▸ Exercise description
Omit the pictures and extract only the lines from the line containing "Maison à LE CHATEL" to the end of the material, each exactly as written.

___ Provided entries

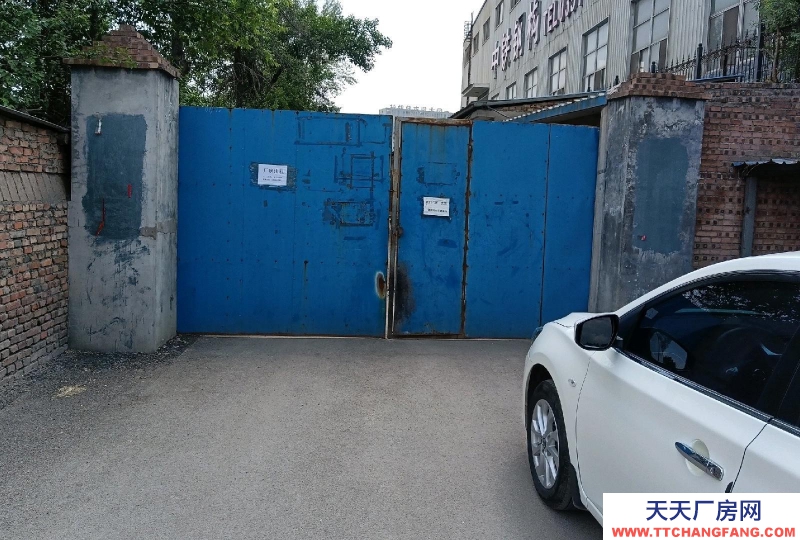 (出租) 鋼混結構，獨門獨院，緊鄰高速，交通方便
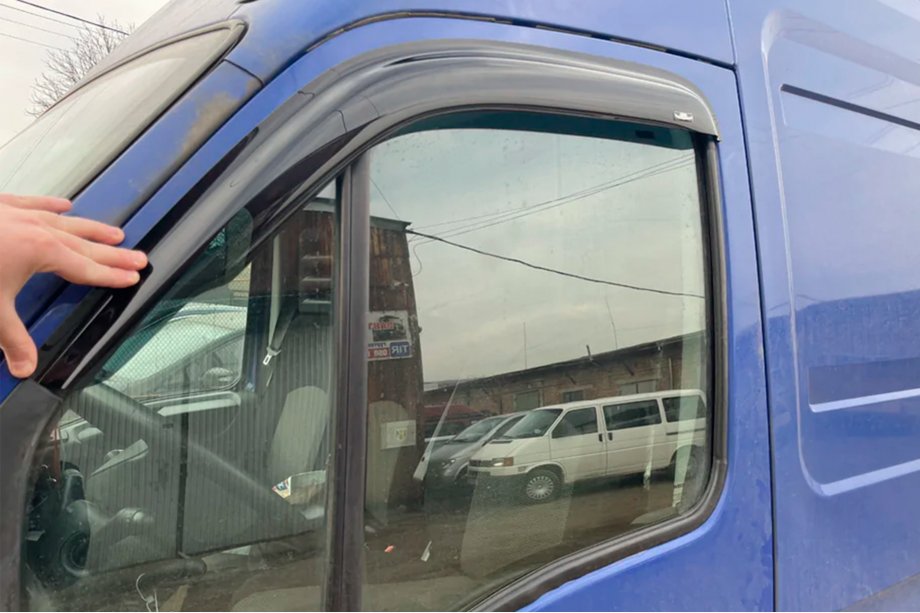 Iveco Daily 2006–2014 Vindafvisere til sideruder (2 stk., HIC) Foto 5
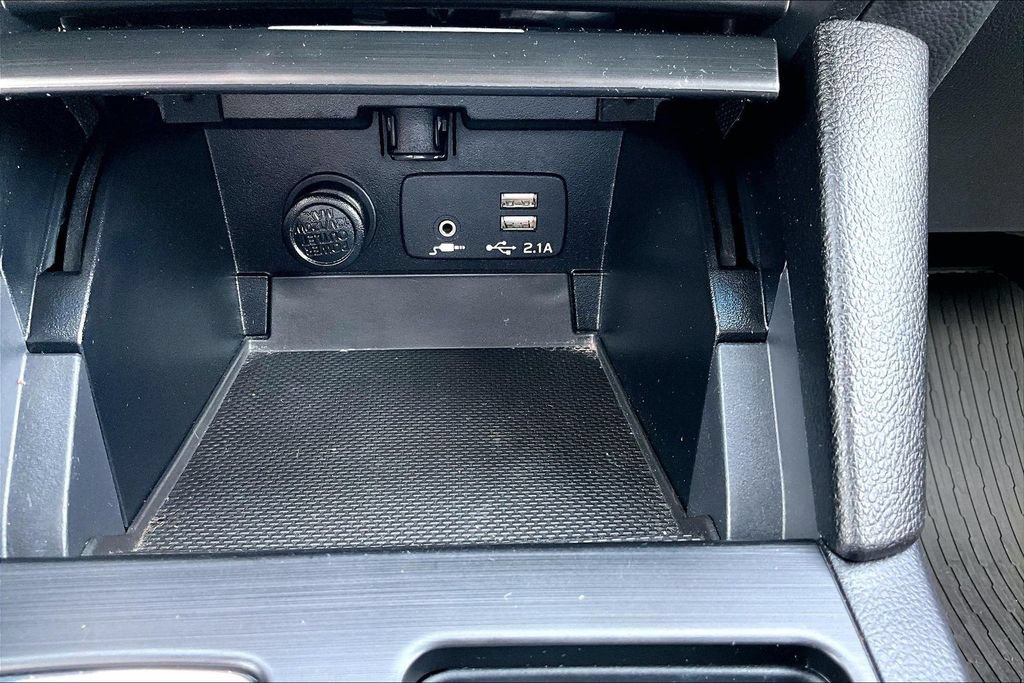 Used 2019 Subaru Outback 2.5i Touring AWD/4WD image 32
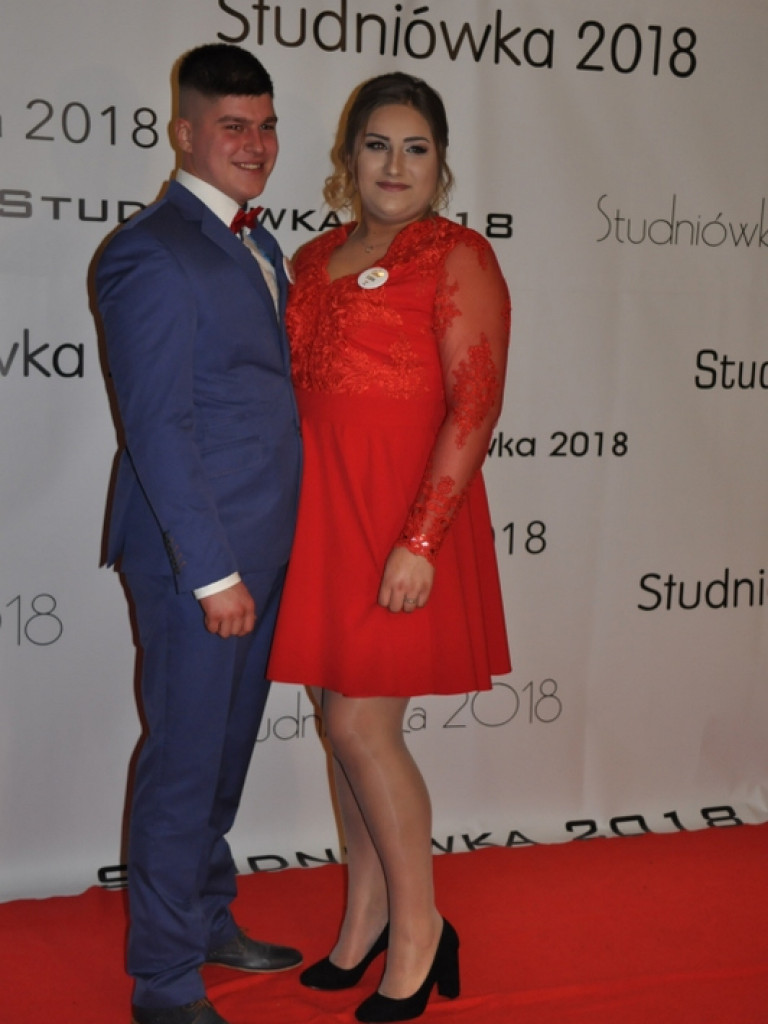 Studniówka uczniów Katolickiego Liceum Ogólnokształcącego (FOTO)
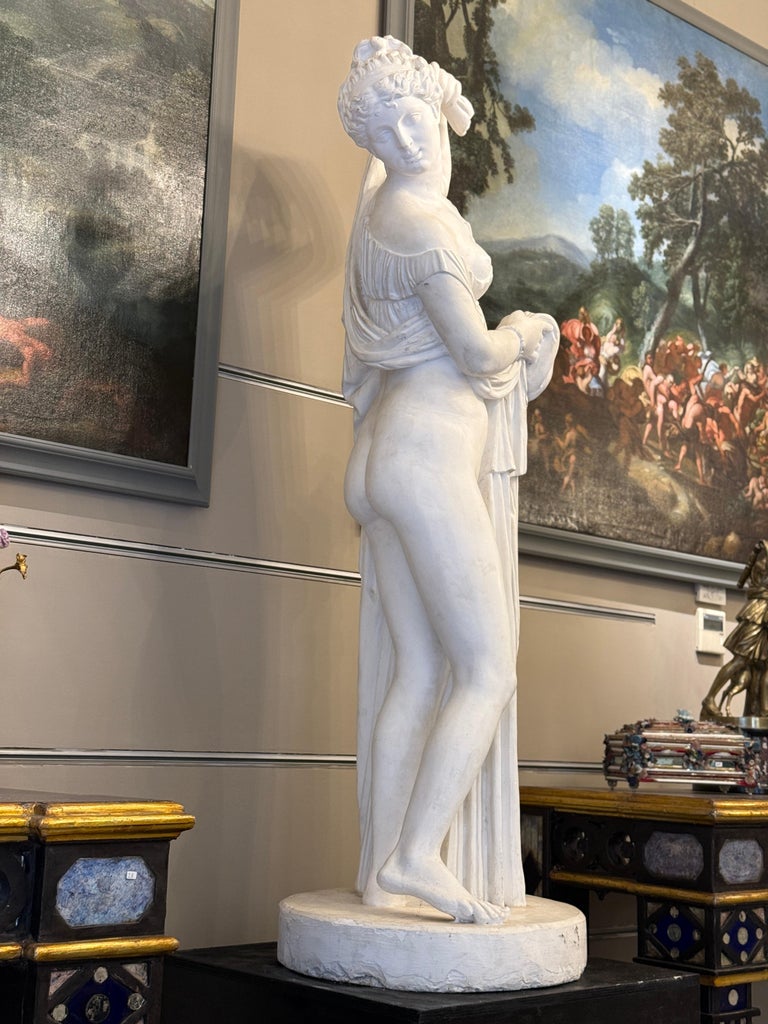 Unknown - Statue en plâtre grandeur nature de la Vénus callipyge ou Aphrodite 1920' en vente sur France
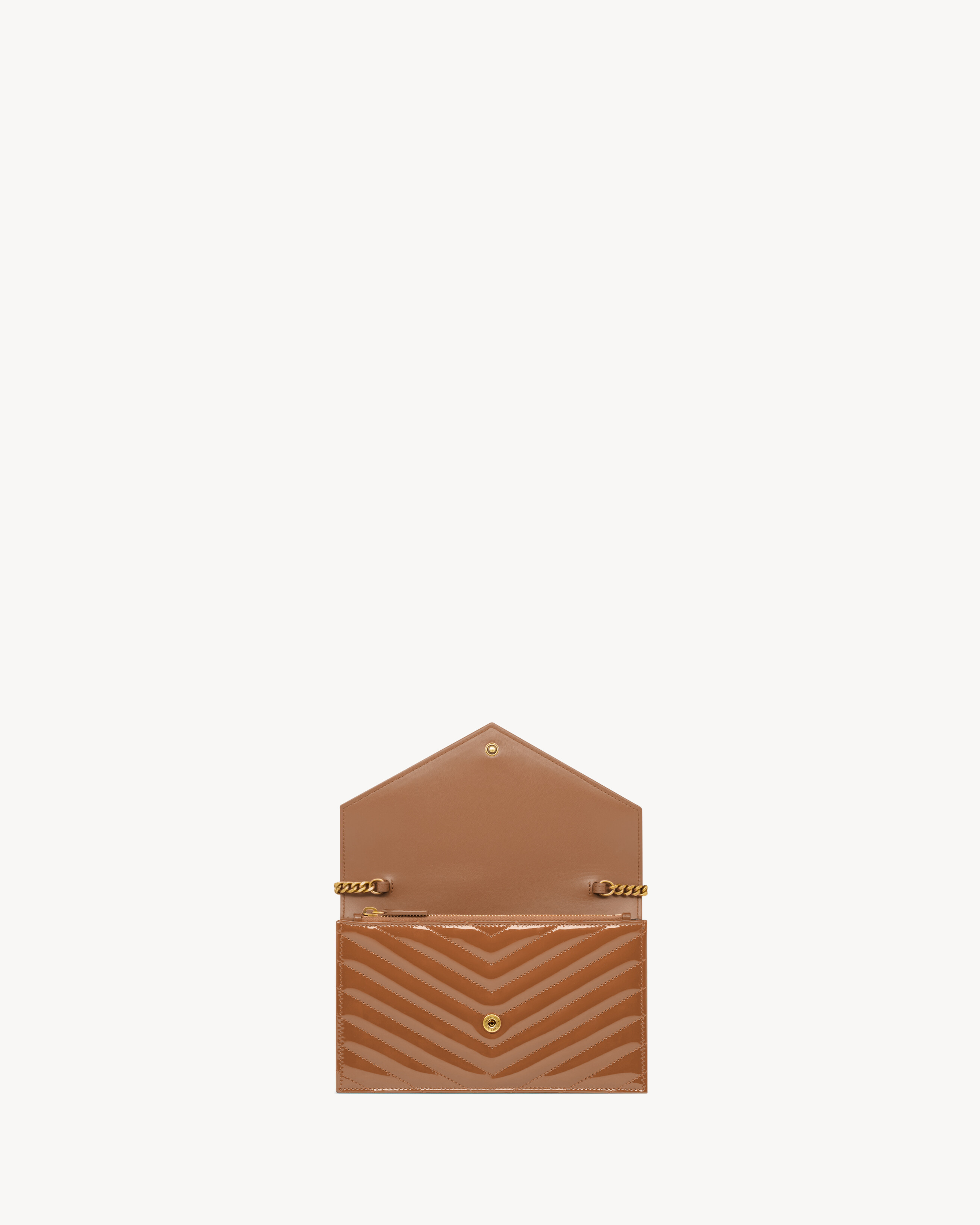 CASSANDRE Envelope-Portemonnaie aus Lackleder mit Kette
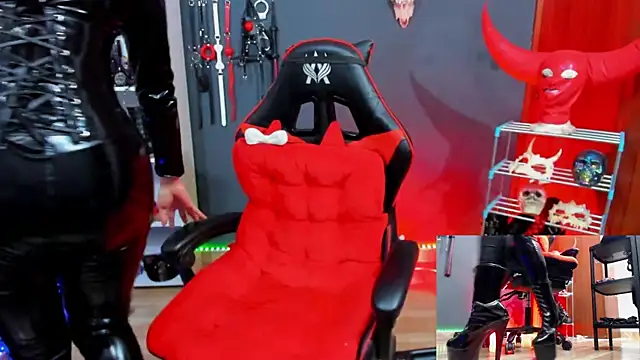 Živý XXX chat Yelena_LatexMaiden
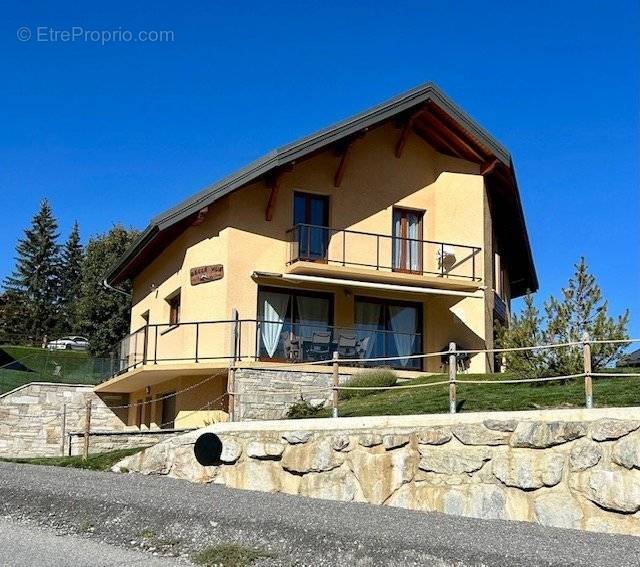 Maison à LE CHATEL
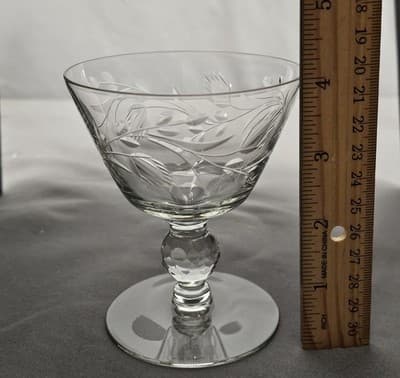 Vintage Crystal Champayne Glasses Set of 4 Delicate Etched Leaf & Vine Pattern - Thumbnail 2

______

▸ Solved exercise
 Maison à LE CHATEL
 Vintage Crystal Champayne Glasses Set of 4 Delicate Etched Leaf & Vine Pattern - Thumbnail 2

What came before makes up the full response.